Analyst: Rockstar Underpriced GTA 6 by Half, Should Charge $200

Analyst: Rockstar Underpriced GTA 6 by Half, Should Charge $200

Grand Theft Auto 6 is a bargain, at least according to one prominent tech analyst. Ben Thompson, who runs the Stratechery newsletter, believes Rockstar Games has left enormous money on the table by pricing the game at $80, and that even the $100 Ultimate Edition falls short of what the project deserves.

Thompson argues that GTA 6 represents a unique moment in gaming history: a massive, handcrafted production assembled almost entirely before AI-driven development tools became standard in the industry. The game consumed a decade of human labor, with estimates suggesting its development and marketing costs between $1 billion and $2 billion.

"Rockstar is charging way too little for this game," Thompson told TBPN. "They should be charging like $200 for this game." He framed GTA 6 as "the last great game," noting the level of craftsmanship and human effort that went into it, describing years of "blood, sweat and tears" from the studio. Thompson even referenced the industry lore of observers counting cigarette butts outside Rockstar's offices as a proxy for how intensely the team was working.

The pricing question has shadowed GTA 6 since Rockstar announced the figures last month. Gaming had been bracing for a potential industry shift, with speculation that the publisher might charge $100 or more to recoup its enormous investment. Most analysts, however, predicted Rockstar would opt for restraint. The logic was straightforward: at $100, millions would still buy the game, but the higher barrier would deter enough players to damage long-term revenue potential. Those players could become sources of sustained income through online content, cosmetics, and future expansions.

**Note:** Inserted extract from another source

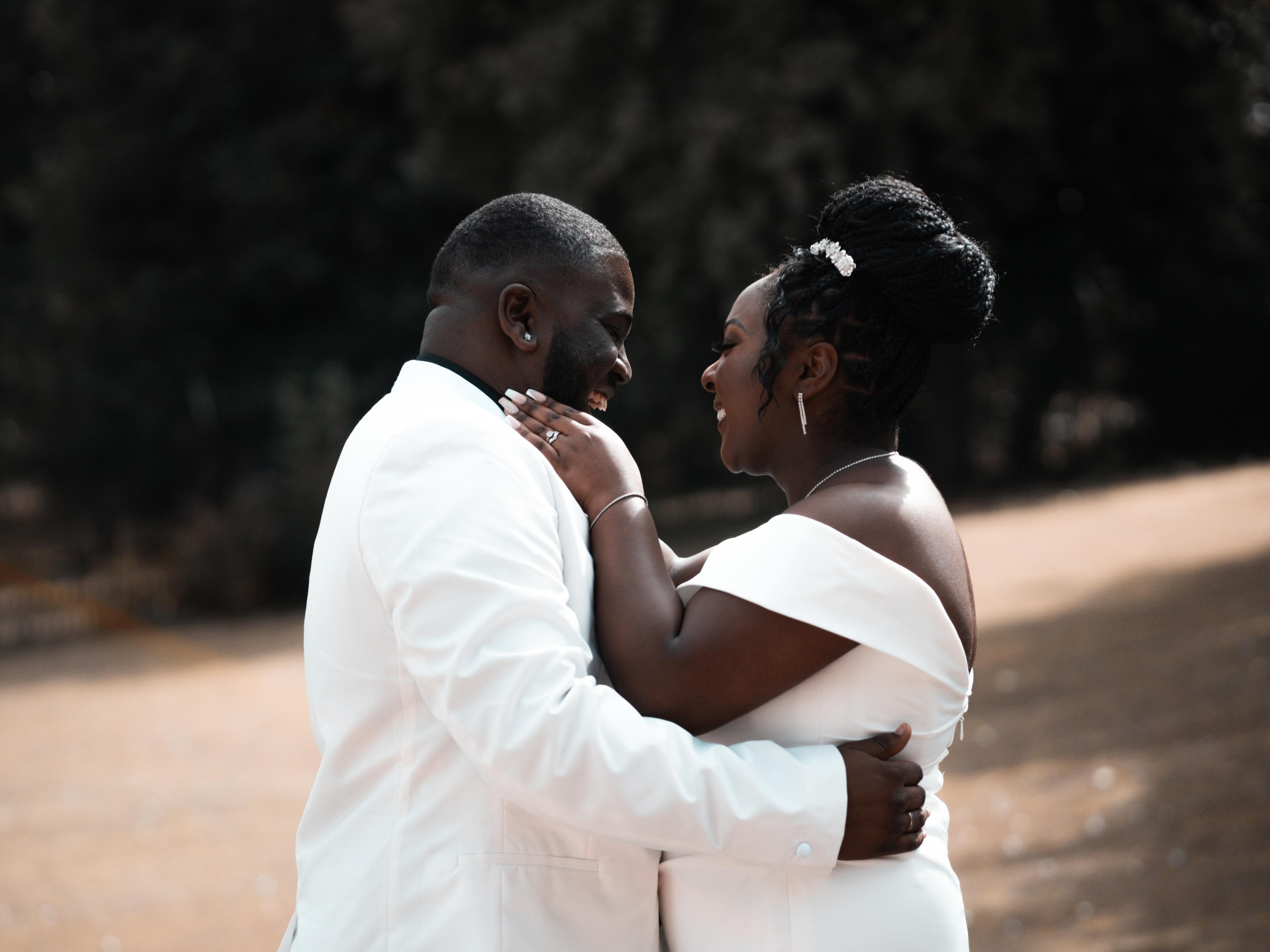 Gabe and Adelle. Sola SLY | London Photographer and Videographer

That calculation appears to have won out. Rockstar settled on pricing that mirrors the current generation's standard, betting that volume and the multiplayer ecosystem will deliver the returns the company needs. GTA Online, the multiplayer component tied to GTA 5, has proven to be a money machine for years, and Rockstar clearly expects a similar trajectory when it launches the next version alongside or after the single-player campaign.

Thompson's position reflects a minority view. He went so far as to say he feels "compelled to buy GTA 6 just in honor of it existing" and would happily pay $200 for it, even if uncertain whether he would actually play it.

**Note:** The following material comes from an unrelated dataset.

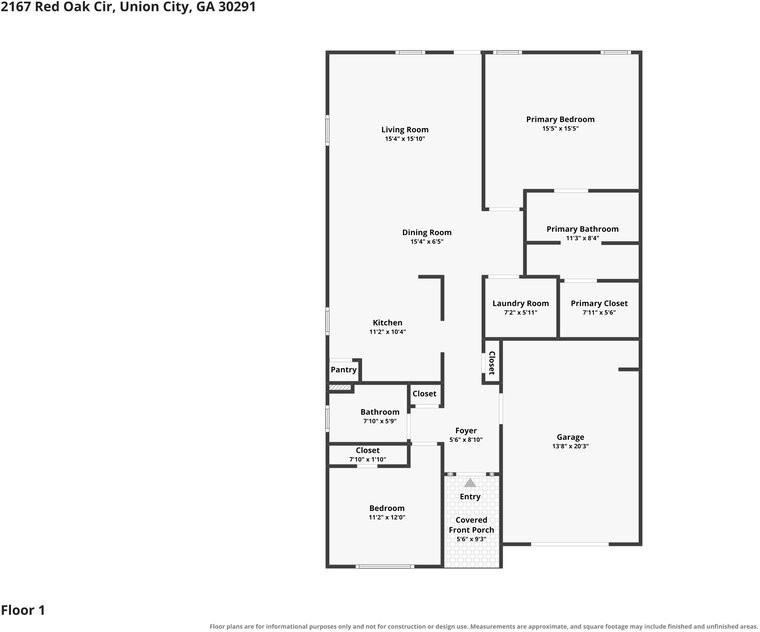 2167 Red Oak Cir - Photo 2 of 16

GTA 6 is scheduled to launch this November. The game has already triggered other controversies in recent weeks, including Rockstar's decision to ship physical copies with download codes rather than actual discs, and ongoing unionization efforts among some of the studio's workforce. Performance on current-generation consoles will also fall short of the 60-frame standard some players expected.

Author Emily Chen: "Thompson's $200 thesis is fun to argue but misses why Rockstar's actual strategy makes more sense, at least for capturing maximum market share and long-term engagement over a single blockbuster sale."